GSoC/GCI Archive
Google Code-in 2011 MoinMoin Wiki

Research existing MS Office text extractors

completed by: qxcv

mentors: Bastian Blank, Reimar Bauer, Thomas Waldmann, Prashant Kumar, Eugene Syromyatnikov

Abstract

Research existing solutions for extracting text from proprietary Microsoft file formats.

Details

For moin2, we already have quite some converters (including Open Document Format [OpenOffice / LibreOffice]), but nothing for Microsoft Office formats.
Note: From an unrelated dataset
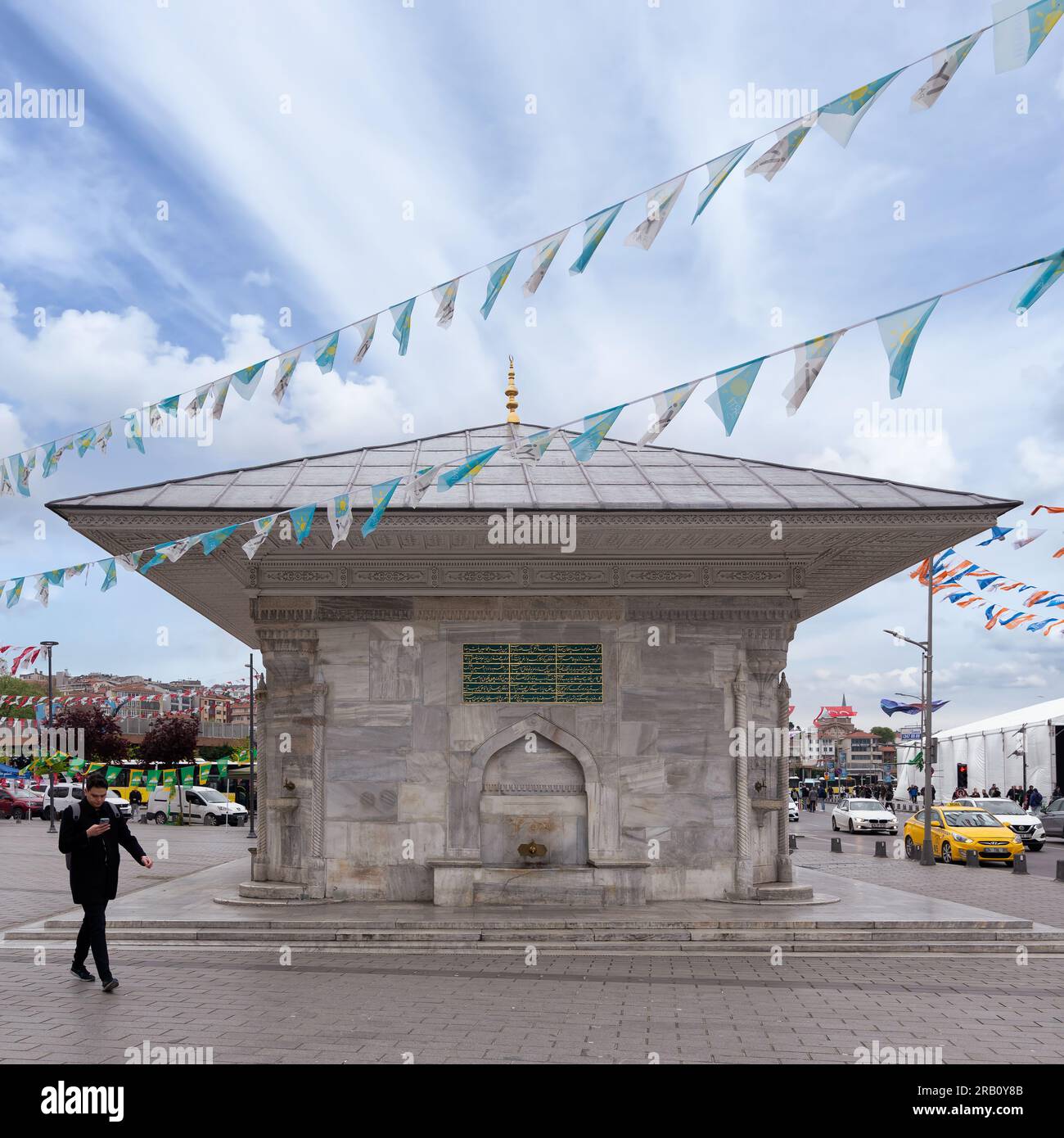 Istanbul, Türkei - 5. Mai 2023: Brunnen von Ahmed III. Oder Ahmet Cesmesi, ein öffentlicher Wasserbrunnen aus dem 18. Jahrhundert, oder Sabil, erbaut von Sultan Mahmud III, passend im Uskudar District Stockfoto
Now we need to create a survey of the GPL2+ license compatible code that can extract text from these proprietary file formats.

We need to know:

  • is a license compatible to GPL2+ used?
    • for python libraries e.g.: GPL, BSD, MIT, ... (not: Apache License 2)
    • in general: a free software license, not any proprietary license
  • the programming language used
    • strongly preferred is library code in python (we can just call it)
    • also maybe working is a commandline tool (supported platforms?) that we can call as a subprocess
  • windows-only solutions are not wanted
  • compatibility with different file formats (mainly Word but also Excel and Powerpoint)
  • compatibility with different versions (i.e. .DOC and .DOCX)
  • reliability (is it well-maintained code, is it recently updated?)

Deliverable: wiki page

Benefits

Many Moin users would like to have a platform-independant, pure python way to extract text for indexing.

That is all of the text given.